You have come to the right place to find other chileheads with a heat tolerance like yours.
Regarding your OP, I think you are eliminating a ton of sauces without really understanding how all those ingredients can be used to make a blazing hot sauce.
Have you heard of-
High river sauces
Just to name a few that I know make blistering sauces.
I have one in the arsenal made with 7 pot Jonah and moruga scorpion.
it also has brown sugar, pineapple juice and ginger. It also has something made with 16mil crystalline capsaicin, not extract. You probably wouldn't even consider it. Shame...
Look up.those other sauce companies. They have sauces made with some of the hottest peppers. -coughnothabaneroscough-
I think when you find some sauces made by the great sauce craftsmen and women here on thp and also on some fb groups, you will realize there are tasty super hot sauces that will put you in the fetal position sweating bullets. In a good way..
Edit-spelling. GrrRrrr fricking autospel
I am well versed in how ingredients interact with each other in different amount and preparations, not limited to hot sauce. That's what i base my standards on.

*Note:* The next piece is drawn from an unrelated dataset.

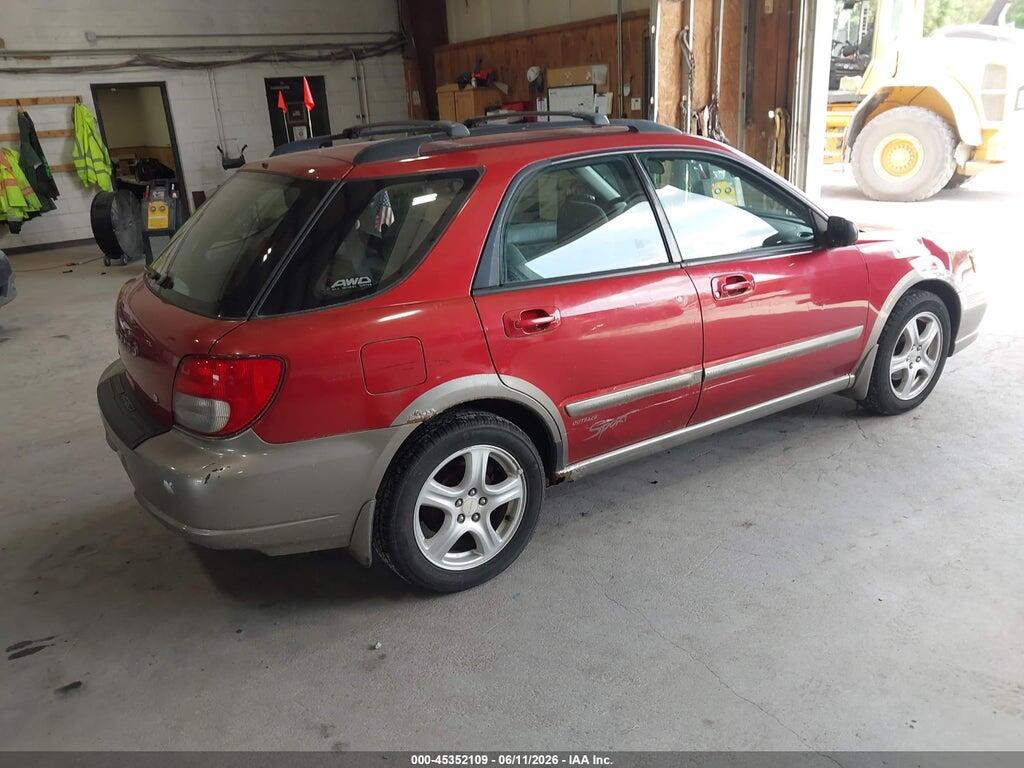JF1GG68562H804892 2002 SUBARU IMPREZA OUTBACK SPORT photo no. 4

I want a sauce that is clean and whole, that uses as few refined ingredients as possible.
It's so easy to make a sauce that is blazing hot, just throw extract in. It's easy to make a sauce that is sweet. just add sugar. Make it thicker, xanthan gum.

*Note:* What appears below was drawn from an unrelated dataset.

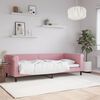 vidaXL Sof&aacute; cama sin colch&oacute;n terciopelo rosa 90x200 cm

That's not needed. If the sauce isn't hot enough, use hotter peppers. If you need more sweet, fruit juices. Not thick enough? Cook it down.

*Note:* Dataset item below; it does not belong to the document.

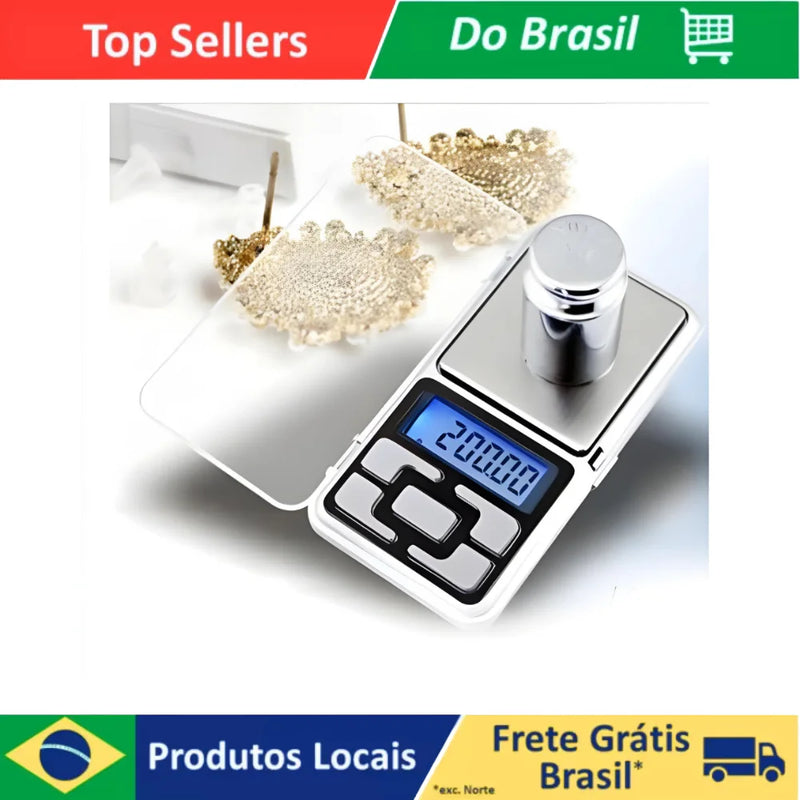 Mini Pocket Digital Scale And High Precision 0,1g Up To 500g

The crafting comes in the blending of peppers and herbs and other whole ingredients. The challenge is to not use refined products but search out ingredients that have flavor profiles that support the heat and tang of the pepper and vinegar.
That being said, extracts, sugars, preservatives, thickers, and all that, are inexpensive so yea, if you don't go the route of whole ingredients, you can make a $5 bottle of sauce and it can taste great. Reapers and Scorpions are more expensive than habaneros. Heat energy to cook down a sauce costs time and money. Preservatives make a product so it can sit in a warehouse longer...i'm just not into that.
I have experimented, researched, and thought about these things and that is the conclusion i have come to.